S.H. The phenomenon of the place created by the space, light, reflections, and materials is the real measurement of the project. The way the T’s for example carve the sky and create the space between the T’s is a unique phenomenon that could not have been created for example by just one T.

Q.    What are your criteria of success for a project in general? – and specifically for the dancing T’s?

S.H. My professor always said that a building should look good from the outside, but should even be greater from the inside. In our project we have a beautiful urban interior with a folding landscape, dancing towers that slice the sky and have reflective undersides. The first time I experienced and studied the carved sky was when I was in Rome as a 20 year old student. The beautiful sky was carved by the irregular shapes of the street patterns, creating a fantastic spatial energy. In the apartments the detailing and materials are of great importance to create an inspiring and unique place; a place to live in and come back to again and again. 

Q.    What can future residents of the Dancing T’s look forward to when living in the houses?

S.H. All the apartments have at least two exposures or a south facing façade. Further, it is very important to me to create individuality for each apartment. Unlike the perimeter block I want to create a sense of autonomy, individuation, and particularity for each apartment and tower. On of the failures of modern housing comes from the lack of individuation. Concepts should not be based on the mass but on individuals since there are no two people that are the same. I aim for an architecture that is in connection to each human being. Therefore new typologies need to be created of which the dancing T’s are one example.

Q.    What defines a good place to live according to your point of view?

S.H. Our projects focus on or give particular attention to the various forms of light like natural, artificial, direct, indirect, diffused and reflected light. Further we also care a lot about the “haptic realm”; the nature of materials.

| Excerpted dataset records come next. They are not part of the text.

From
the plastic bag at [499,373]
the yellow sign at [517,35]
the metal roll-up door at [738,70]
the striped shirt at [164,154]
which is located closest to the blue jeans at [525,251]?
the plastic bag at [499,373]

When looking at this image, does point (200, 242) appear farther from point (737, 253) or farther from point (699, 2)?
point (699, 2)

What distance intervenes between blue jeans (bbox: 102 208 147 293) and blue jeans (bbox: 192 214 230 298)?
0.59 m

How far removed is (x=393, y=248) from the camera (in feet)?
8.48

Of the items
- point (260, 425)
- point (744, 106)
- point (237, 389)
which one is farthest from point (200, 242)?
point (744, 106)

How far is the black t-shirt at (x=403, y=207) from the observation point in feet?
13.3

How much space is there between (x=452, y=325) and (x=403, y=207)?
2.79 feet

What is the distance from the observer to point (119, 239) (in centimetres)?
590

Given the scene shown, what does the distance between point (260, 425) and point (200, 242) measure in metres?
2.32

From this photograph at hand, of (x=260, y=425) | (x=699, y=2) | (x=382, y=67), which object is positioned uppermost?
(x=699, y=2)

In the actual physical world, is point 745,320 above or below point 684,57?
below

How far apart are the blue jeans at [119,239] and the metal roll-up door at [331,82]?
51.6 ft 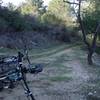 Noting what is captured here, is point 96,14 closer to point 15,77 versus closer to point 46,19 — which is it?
point 46,19

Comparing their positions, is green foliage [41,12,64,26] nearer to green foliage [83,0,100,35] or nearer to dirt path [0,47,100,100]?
green foliage [83,0,100,35]

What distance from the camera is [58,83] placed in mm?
12445

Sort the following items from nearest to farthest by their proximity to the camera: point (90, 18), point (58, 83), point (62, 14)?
point (58, 83) → point (90, 18) → point (62, 14)

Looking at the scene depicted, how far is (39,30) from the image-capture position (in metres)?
29.8

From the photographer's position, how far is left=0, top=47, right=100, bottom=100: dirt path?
1046cm

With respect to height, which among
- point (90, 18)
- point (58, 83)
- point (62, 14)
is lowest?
point (58, 83)

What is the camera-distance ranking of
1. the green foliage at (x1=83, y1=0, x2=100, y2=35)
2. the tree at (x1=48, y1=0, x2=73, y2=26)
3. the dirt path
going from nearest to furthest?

Related to this is the Japanese notion of Wabi Sabi which is about the imperfection of natural materials and how they change over time. The way natural materials weather over time is an important reason why I use natural materials like wood or terrazzo in my buildings. If a synthetic material like fibreglass brakes, or is being scratched, it starts to look very bad. Imperfections with natural materials like wood or stone on the other hand give the material a unique character; that contributes to the individuality I spoke about earlier.

Q.    What is your relationship to Scandinavia?

S.H. First of all, my grandfather was born in Tonsberg, Norway. Since Scandinavia is in my blood it gives me natural appreciation of nature, light and sky. Secondly, I am always honoured to build in Scandinavia since design is always so well appreciated and is so much part of the culture. It is not by accident that there are so many great architects from Scandinavia.

Q.    Your buildings (different projects)  look very different – how come?

S.H. Every situation and site is different which is something I already spoke about in my early manifesto in 1989; Anchoring. The unique connection makes me reinvent architecture for each specific site.

Q.    What do you like about building in Ørestad?

S.H. What I like about Ørestad is the density and fast metro connection with the city of Copenhagen in contrast to the American urban sprawl characterised by high ways and endless seas of houses. The beauty of the Ørestad strategy is that it preserves, and is well connected to the old city of Copenhagen and the nature of the Amager Fælled.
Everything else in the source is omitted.